Yapıları, yaşayışları, meşgaleleri, mutfakları ve çadır döşeyişleri
bakımından TÜRKMEN aşîretleri ile Kürt aşîretleri arasında ayırt edici bir
fark görülmemektedir.
Bu bakımdan "Kürt kimliğini tanıyoruz" diyenlerin bu
"kimlik" ile ne gibi farklılıkları kastettiklerini açıkça belirtmeleri
gerekir. (BU LÂFI İLK DEFA 1991 SEÇİMLERİNDEN ÖNCE
SÜLEYMAN DEMİREL ETMİŞTİ!.. )
Böyle bir liste çıkarabilmelerinin imkânı yoktur. Çünkü TÜRKMEN ve Kürt
aşiretleri aynı kökten gelmektedir. Bizim beyanımız kuru bir iddia
değildir. Aşağıdaki açıklamalar, tesbit edebildiğimiz Kürt ve TÜRKMEN
aşîretlerine aittir ve aradaki soy birliğini yeterince ispatlar
niteliktedir.
OSMANLILAR şehir dışında yaşıyan, bilhassa göçebe olan aşiret ve
oymaklara TÜRK-TÜRKMEN demiş, bunların düzlük, ovalık yerlerde
yaşıyanlarına YÜRÜK, dağda yaşıyanlarına da KÜRT tabirini kullanmıştır.

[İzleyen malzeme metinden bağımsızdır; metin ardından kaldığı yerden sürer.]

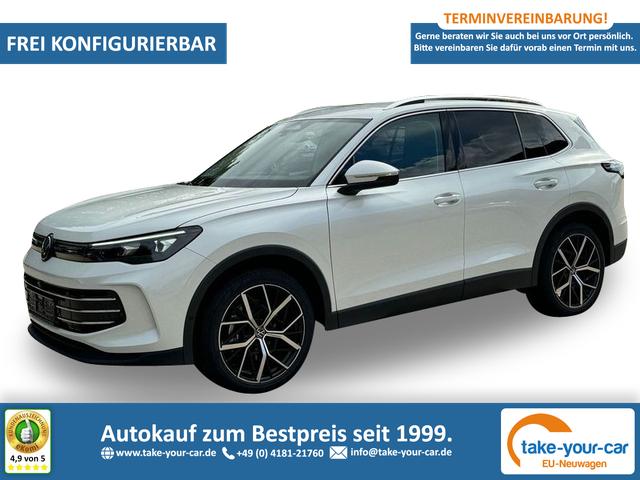 Volkswagen Tiguan - Elegance DSG+ACC+eHK+SHZ+KAMERA+MASSAGE+APP+LED PLUS+18" LM Bestellfahrzeug 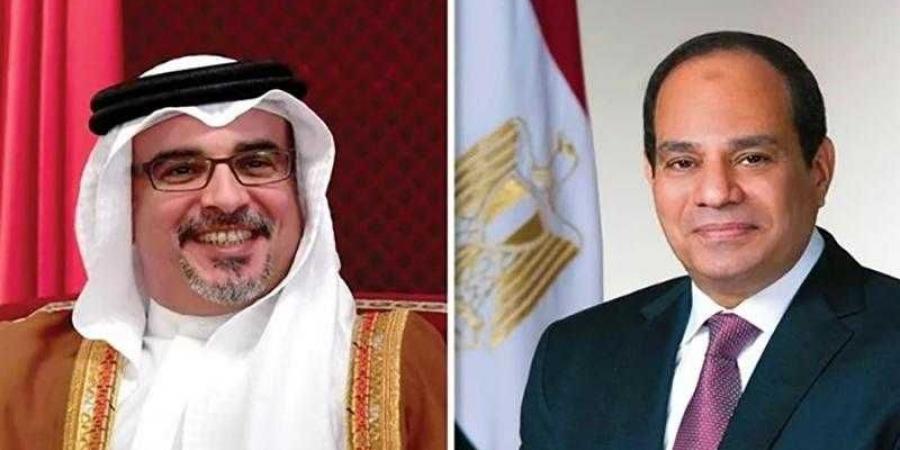 الرئيس السيسي يستقبل ولي عهد مملكة البحرين - هرم مصر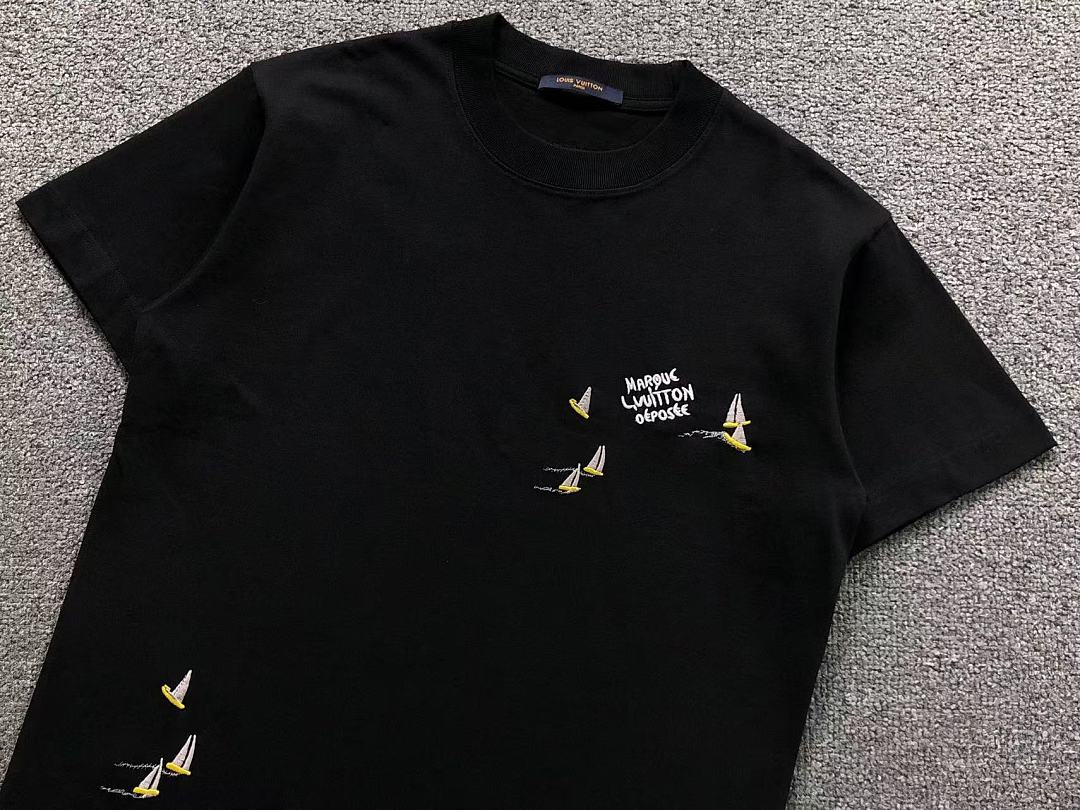 Louis Vuitton 98 L⭐ T-SHIRT 5209053081 (Im 170Cm 60Kg I Wear Size S In The Phot) - Image 11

Tahrir Defterleri'ndeki ifadeleri bu anlayışla değerlendirmek gerekir.
Burada hemen ekliyelim ki, "OSMANLI'nın TÜRK ve TÜRKMEN'i küçük
görürdü, aşağılardı" iddiası doğru değildir. Kendi de TÜRKMEN olan
OSMANLILAR'ın böyle bir şey yapması saçma olurdu.
Ne var ki, ta 900'lü yıllardan itibaren gelen bir değişim vardır. O
tarihlerde MÜSLÜMAN olan OĞUZLAR'ı diğerlerinden ayırmak için kendilerine
TÜRKMEN tabir edilmeye başlanmıştır. TÜRK-MEN, "TÜRK'ün iyisi, hası"

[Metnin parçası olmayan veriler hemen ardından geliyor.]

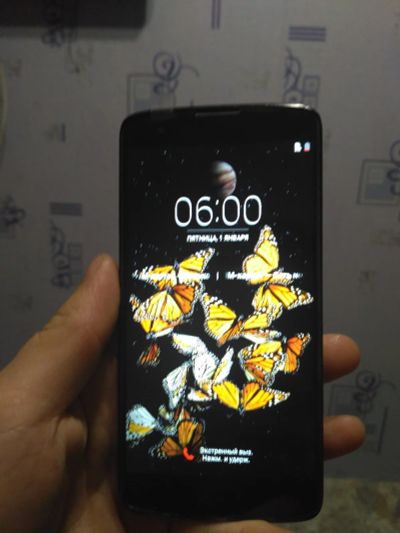Лот: 15030612. Фото: 1. Телефон lg k 8 lte k350e. Чехлы, бамперы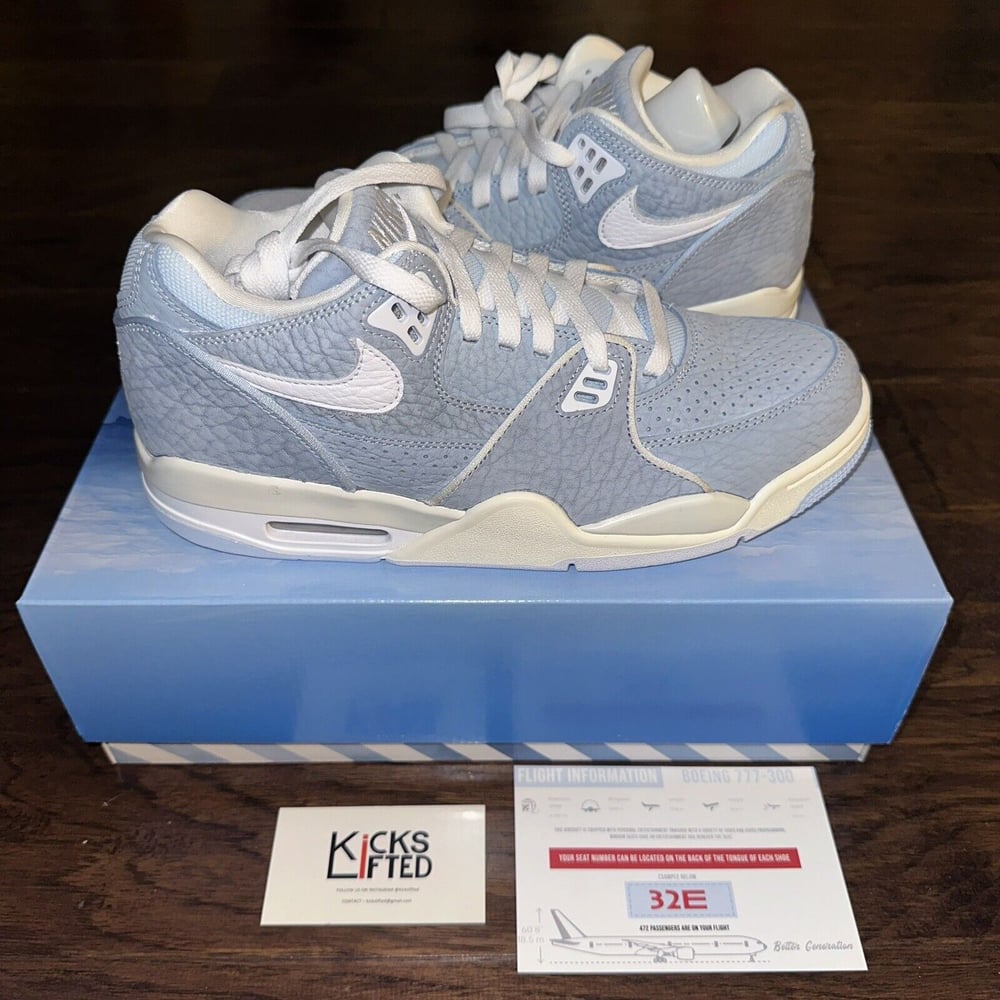 Image of Nike Air Flight '89 Low x PJ Tucker 'Sky Blue' - Size 9.5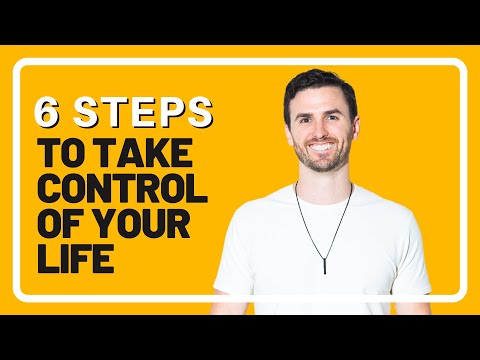掌控生活的 6 個步驟 | Mindset Mentor 播客 (6 Steps To Take Control Of Your Life | The Mindset Mentor Podcast)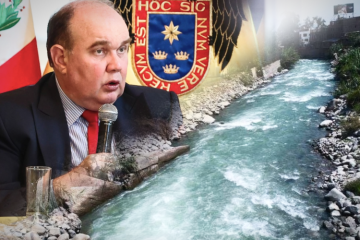 Fact-Checking: Cifras del alcalde de Lima sobre el caudal del río Rímac durante El Niño son falsas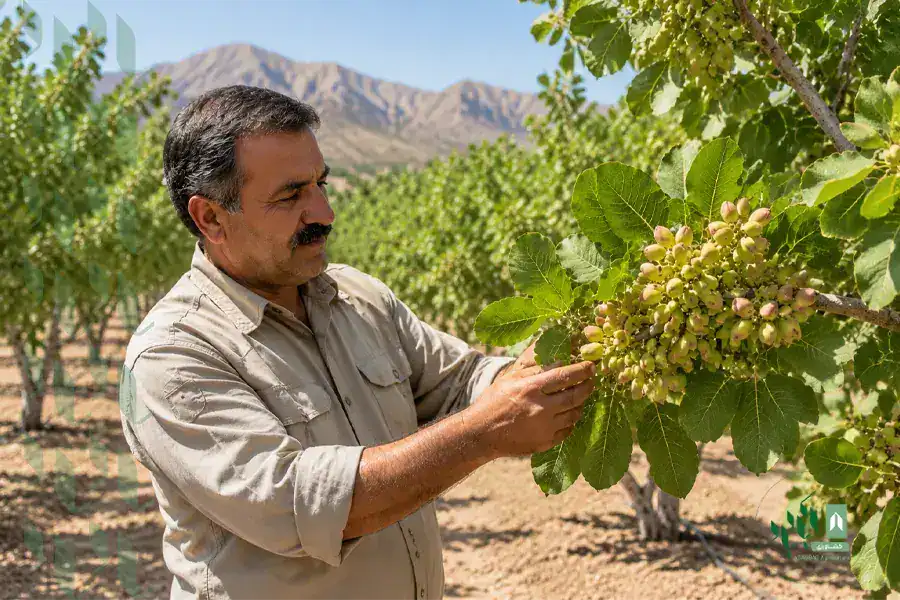 بهترین کود برای رشد درخت پسته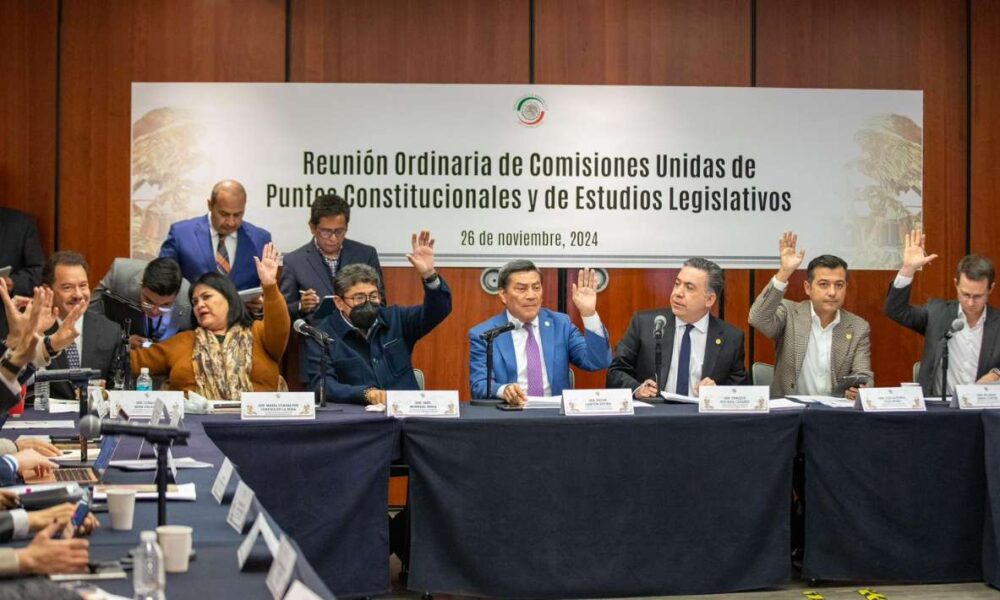 Avanza en el Senado reforma que amplía delitos con prisión preventiva oficiosa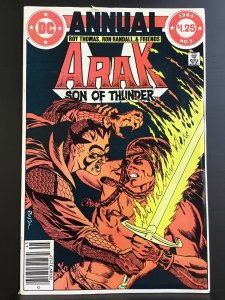 Arak Son Of Thunder Annual #1 (1984)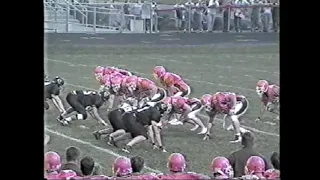 Nelsonville York football 2005 Team Highlights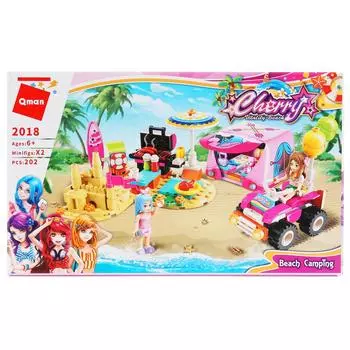 Конструктор с фигурками, 202 детали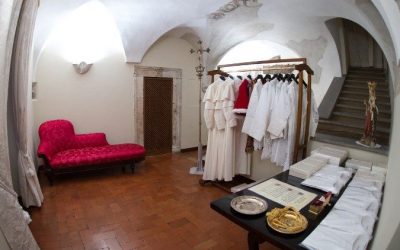 La sala de las lágrimas aguarda por el sucesor de Francisco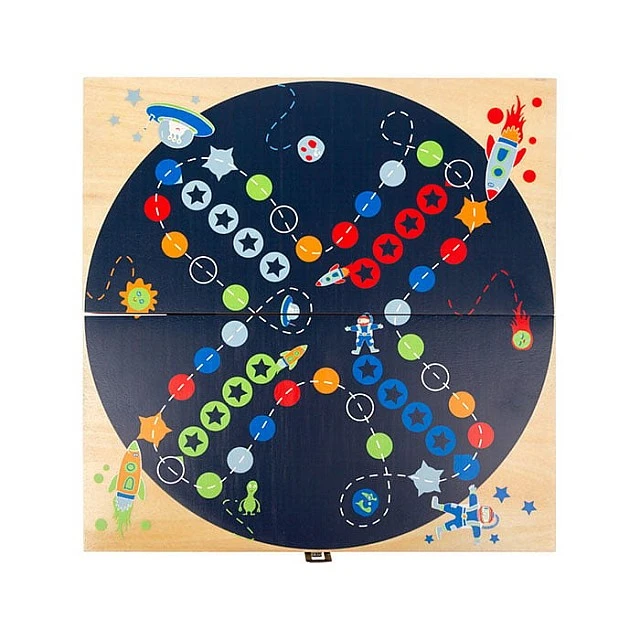Small Foot Ludo Space wooden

anlamına gelir. Güçlendirme takısıdır.
Bu MÜSLÜMAN (OĞUZ) TÜRKMENLER daha sonra MÜSLÜMAN olmayan OĞUZLAR ile
savaşmışlar, dönemin İSLAM DEVLETİ ve yeni kurulan TÜRK devletlerinde
makbul addedilmişlerdir.
Sonra SELÇUKLU DEVLETİ kurulmuş, bir kısım TÜRKMEN yerleşik şehir
hayatına geçmiş ve SELÇUK adını almış, bu sefer göçebe TÜRKMEN boyları ile
yerleşik SELÇUKLULAR arasında bazı sürtüşmeler olmuştur.

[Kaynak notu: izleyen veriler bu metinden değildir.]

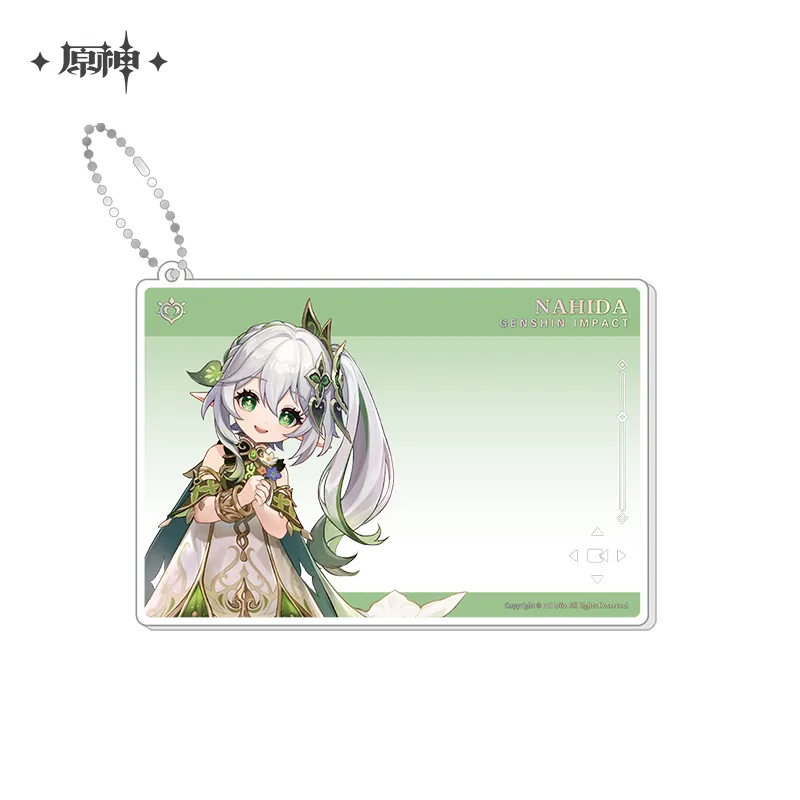 [Genshin Impact] 3rd Anniversary Series Clear Card - Nahida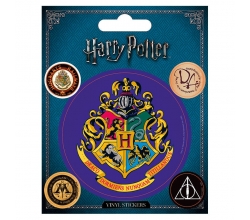 Pegatinas vinyl Hogwarts...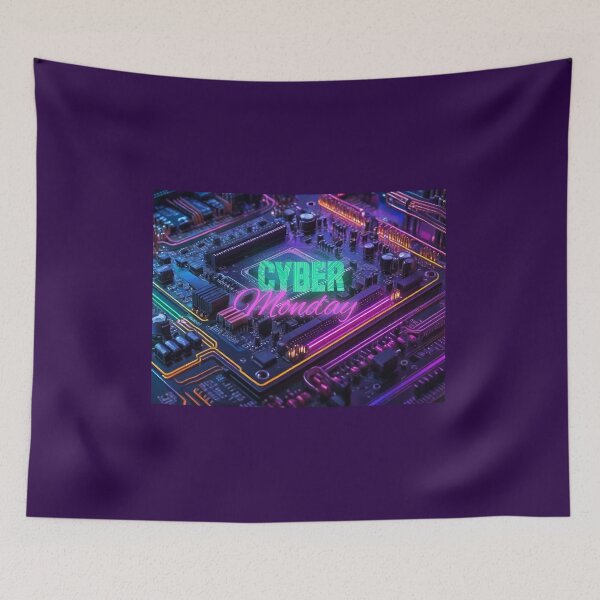 Item preview, Cyber Monday logo designed and sold by Conefur.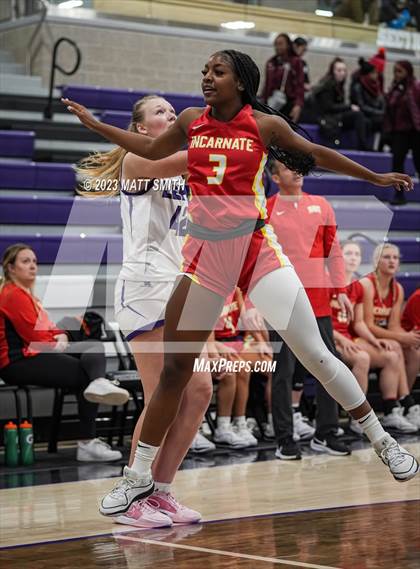 Thumbnail 1 in Incarnate Word Academy @ Lehi (Holiday Hoopfest) photogallery.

Arkadan gelen TÜRKMEN boyları bu sefer OSMANLI DEVLETİ'ni kurmuş,
yerleşik hayata geçenler OSMANLI adını almış, göçebeler ise
TÜRK-TÜRKMEN-YÜRÜK-KÜRT diye anılmaya başlamıştır... KÜRT adı SELÇUKLU'da
geçmez.
Bu şehirli-göçebe sürtüşmesi, zamanımızdaki şehirli-gecekondulu farkının
ve sürtüşmenin tamamen aynıdır. İkincilerin uyumsuzluğu, kurallara
uymaması düzenin sağlanmasında elbetteki problem yaratmıştır.
Nasıl ki, bugün gecekonduluyu makbul görmeyen bir zihniyet var ise, ama
bunu bir IRK MESELESİ - IRKI HAKİR GÖRME olarak yorumlamak mümkün değilse;
geçmişteki SELÇUKLU-TÜRKMEN, OSMANLI-TÜRK, hatta şimdiki TÜRK-KÜRT
sürtüşmesi de aynı uyumsuzluktan kaynaklanmaktadır. Şehirleşen insanın
"kürtlüğü" ortadan kalkınca, sürtüşme de kaybolmaktadır.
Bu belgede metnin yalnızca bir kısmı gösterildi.